For the remaining switches see the previous invocation of blm or the command line documentation.

Setting soft limits for --conv and --convc while imposing an extra condition --dhftol=45 is suitable for molecular statics. We don’t care so much whether the energy is well converged, but that the forces are well described. The forces are good enough for a rough relaxation, which since it will be repeated with some constraints is all we need at this stage.

cp rst.nbfe rst.nbfe.bk
rm -f save.nbfe mixm.nbfe hssn.nbfe
mpix -n 13 lmf ctrl.nbfe -vfile=2 -vbeta=.1 --rhopos -vfrzwf=t -vnit=20 -vminx=5 --wpos=pos > out.dorelax

This uses a Broyden algorithm to relax the structure for five iterations. This is sufficient to that the maximum component of force is 6 mRy/au, as can be seen by inspecting the final forces table in out.dorelax

The mean force drops with each iteration, and the total energy goes down:

egrep ^c\|RELAX out.dorelax

Here |g| is the length of the 72 component force “vector”.

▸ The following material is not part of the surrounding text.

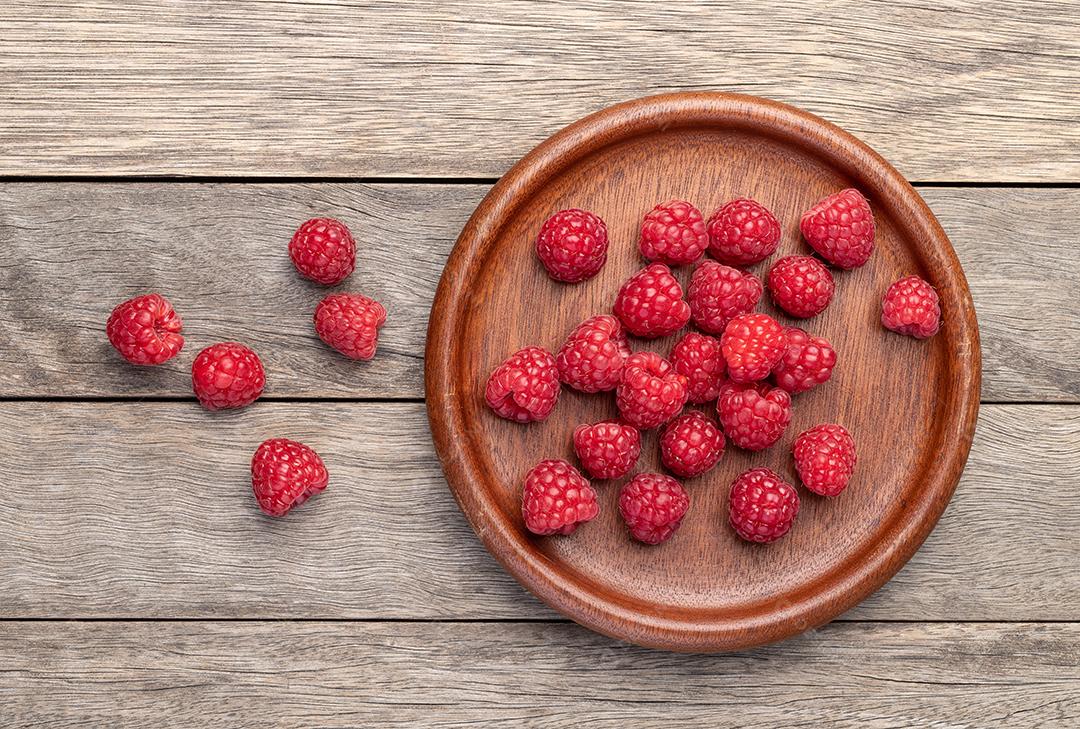 Framboesas em um prato sobre mesa de madeira.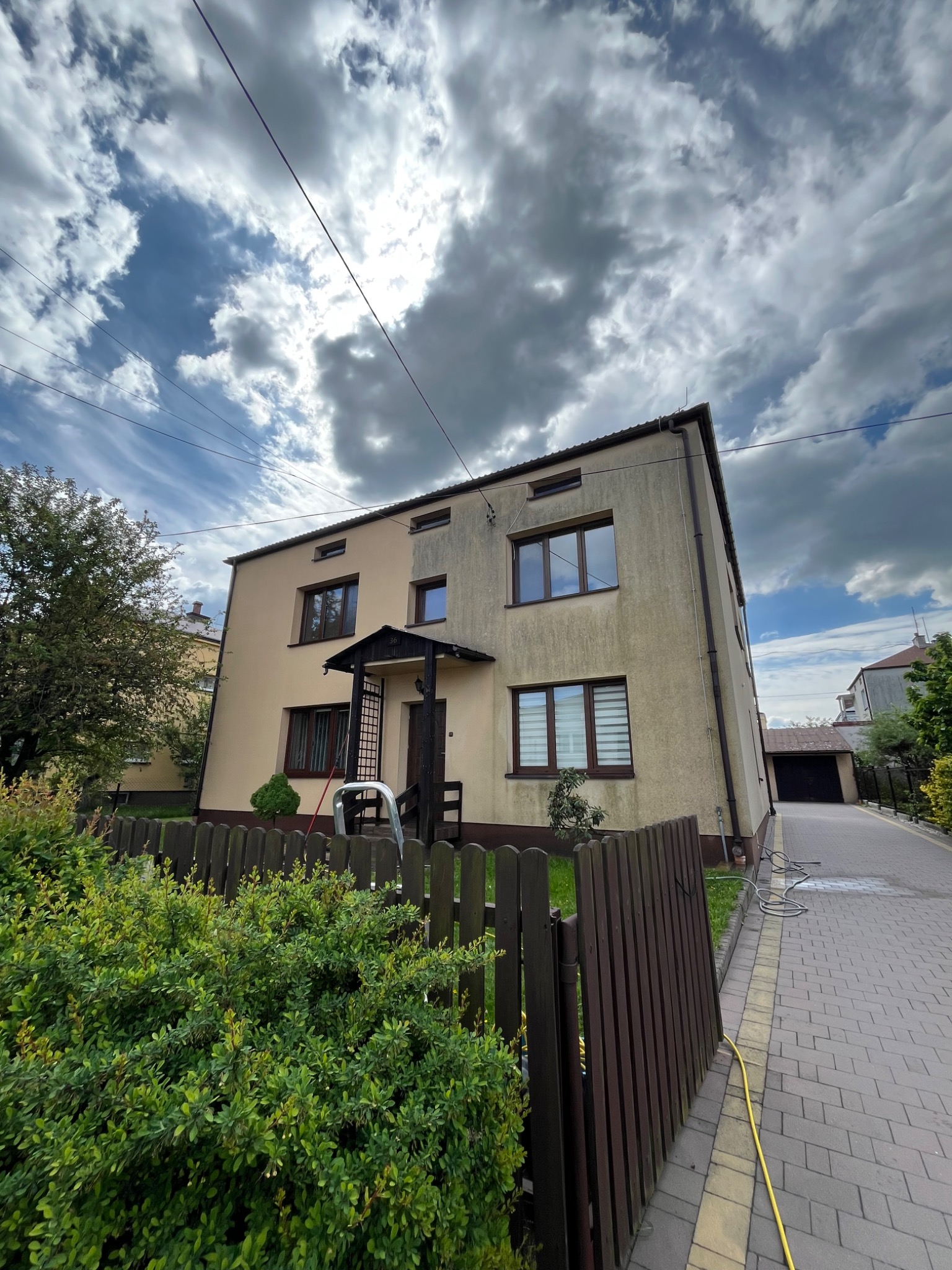 Dwukondygnacyjny dom z beżową elewacją, widoczny z poziomu gruntu. Na elewacji widoczne zabrudzenia. W tle błękitne niebo z chmurami i fragment chodnika z kostki.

The next steps do the following:

  1. dump the (relaxed) positions contained in rst.nbfe into file pos.nbfe
  2. calculate the shift relative to starting point (removing lattice translation vectors) and write it to file posx.nbfe
  3. construct a “fully relaxed” positions file posfr.nbfe
lmf ctrl.nbfe -vfile=2 -vbeta=.1 --rhopos -vfrzwf=t -vnit=0 --rs=1,0 --wpos=pos
lmscell ctrl.nbfe -vfile=2 --stack~cmppos@shorten@wdx=posx@fn=pos~q
lmscell ctrl.nbfe -vfile=2 --stack~addpos@fn=posx.nbfe~wpos@fn=posfr~q

Make the system self-consistent at the final position the relaxation algorithm found, reverting to tighter tolerances in the convergence. (Note also that shortening of positions by lattice translations is suppressed. This is not necessary but it simplifies synchronization)

cp rst.nbfe rst.nbfe.bk2
blm --dhftol=20 --molstat --nfile --ewald=1d-12 --rdsite --omax=-.01 --nosort --shorten=no --nit=20 --nk=9,4,2 --gmax=8 --mag --frzwf --wsite@fn=null nbfe
cat actrl.nbfe | sed s:'\(ATOM=Fe.*\):\1 MMOM=0,0,2:' | sed s:'XTOL=.001 GTOL=0:XTOL=0 GTOL=0.01:'  > ctrl.nbfe
rm -f save.nbfe mixm.nbfe hssn.nbfe
mpix -n 13 lmf --shorten=no ctrl.nbfe -vfile=2 -vbeta=.1 --rhopos -vfrzwf=t -vnit=20 --rpos=posfr --rs=11,1,1 > out.fullrelax &
cp rst.nbfe rst.nbfe.bk3

Constrained relaxation of the superlattice

We repeat the relaxation, this time constraining the “anchor” planes Nb 1 and Nb4 to their ideal bcc positions. We do this because our objective is to study transport through a non-periodic trilayer ( Nb / Fe / Nb ), where Nb extends to infinity on the left and right and should have the structure of perfect bcc.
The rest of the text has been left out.